Assuming justiciability, courts should find adequate basis in the arbitrary and capricious standard of APA §706(2)(A) to enforce Parrillo’s principled flexibility. Again, Vermont Yankee prevents courts from requiring agencies to utilize procedures beyond those mandated by the APA. In Perez v. Mortgage Bankers Ass’n, the Supreme Court applied this principle to allow agencies to alter guidance through other guidance, and without notice-and-comment rulemaking procedures. One could argue that requiring agencies to explain their departures from guidance is therefore inconsistent with Vermont Yankee and Mortgage Bankers. Yet, in Citizens to Preserve Overton Park v.
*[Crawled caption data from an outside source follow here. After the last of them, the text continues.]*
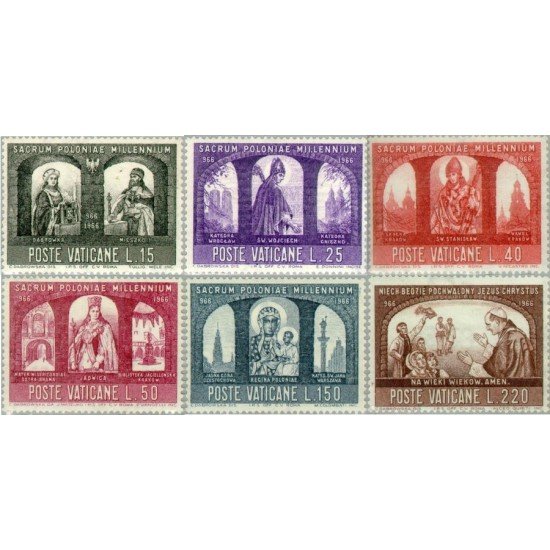 Vaticano Nº 451/56 1966 Milenario del cristianismo en Polonia Lujo Vaticano Nº 451/56 1966 Milenario del cristianismo en Polonia Lujo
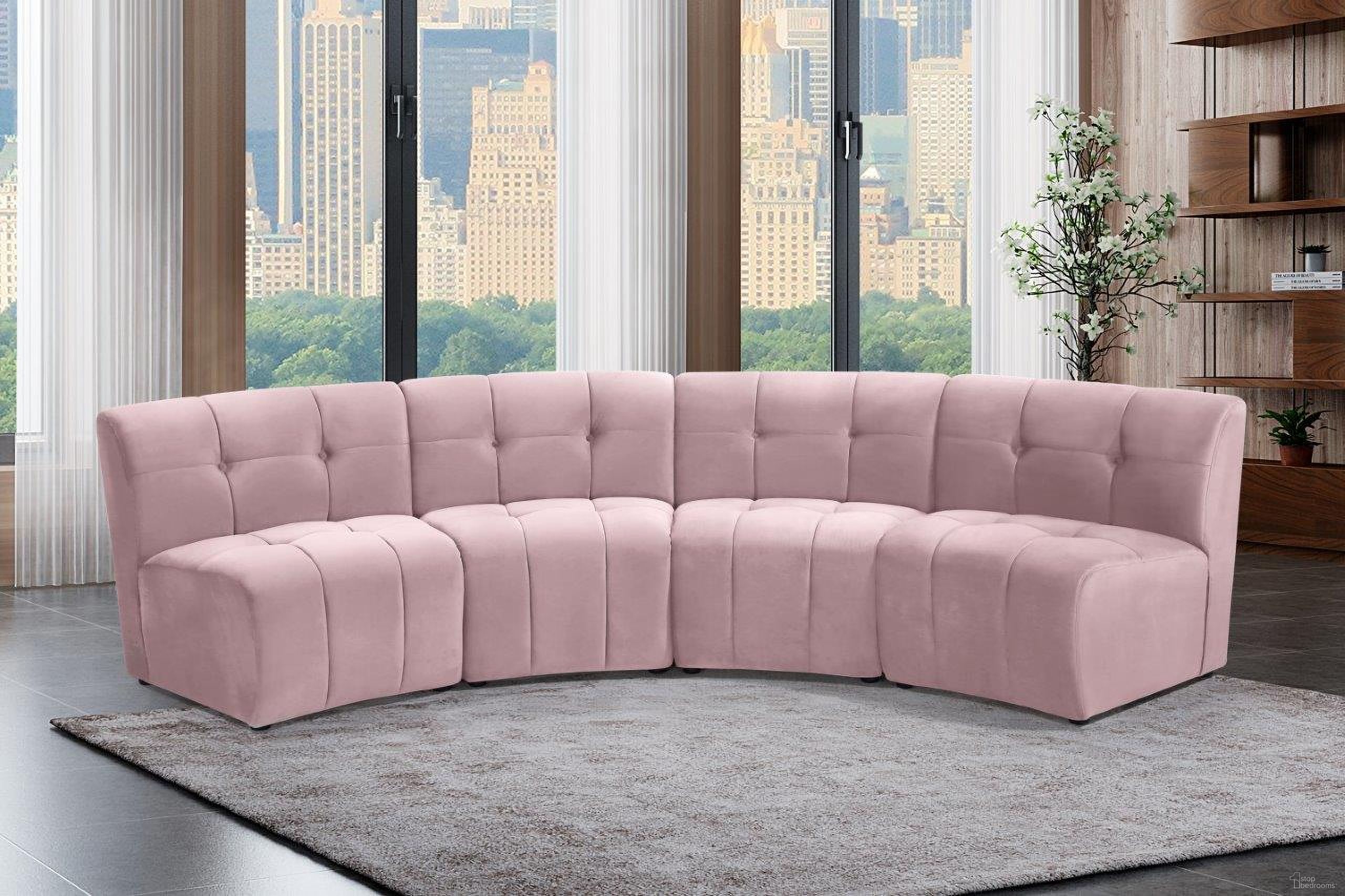 The appearance of Limitless 4-Piece Velvet Modular Sectional In Pink designed by Meridian in the modern / contemporary interior design. This pink piece of furniture was selected by 1StopBedrooms from Limitless Collection to add a touch of cosiness and style into your home. Sku: 645Pink-C;645Pink-C;645Pink-C;645Pink-C. Material: Velvet. Layout: Curved.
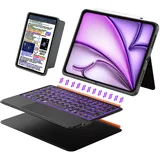 DANCESOUL Tastatur Hülle für iPad Air 13 Zoll (M4/M3/M2, 2026/2025/2024), Pro 12.9 6/5/4/3 Gen, Abnehmbare Tastatur mit Trackpad, Federnde Beleuchtete Tasten, Schlanke iPad HüLle mit StäNder (Schwarz)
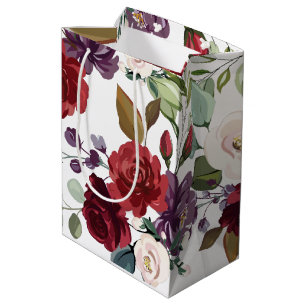 7lx4.5wx10h Medium Gift Bag White Roses Gold Geome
Volpe, the Court interpreted APA §706(2)(A) as requiring an agency to establish an administrative record of its decisionmaking adequate to facilitate judicial review. In Pension Benefit Guaranty Corp. v. LTV Corp., the Court said this requirement is not inconsistent with its holding in Vermont Yankee. Additionally, in Motor Vehicle Manufacturers Ass’n v. State Farm Mutual Automobile Insurance Co., the Court interpreted APA §706(2)(A) as requiring agencies to explain their choices contemporaneously with their actions. The Court has applied State Farm in evaluating agency adjudications as well as rulemakings. In essence, doctrinally, Parrillo’s principled flexibility proposal seems like an application of Overton Park and State Farm, perhaps a bit relaxed given the informality of guidance, and well within the range of APA §706(2)(A) as interpreted by the Court.
None of this is to suggest that agencies should not or will not adopt Parrillo’s principled flexibility proposal on their own, rather than waiting until the courts make them do it. Indeed, some agencies may be quite receptive to the principled flexibility approach. The APA imposes a floor, not a ceiling, on agency procedures. Agencies often seek public input regarding proposed guidance, notwithstanding that the APA does not require them to do so. Anecdotally, one agency official recounted for me an instance of her agency seeking public input on proposed guidance, and then contemplated responding to comments in finalizing the guidance to demonstrate of reasoned decisionmaking—in other words, using a sort of stripped-down model of notice and comment. Nevertheless, a little judicial review often goes a long way, and may be worth contemplating in the name of improving the status quo with respect to agency use (and abuse) of guidance.
Kristin Hickman is the Distinguished McKnight University Professor and Harlan Albert Rogers Professor in Law at the University of Minnesota Law School.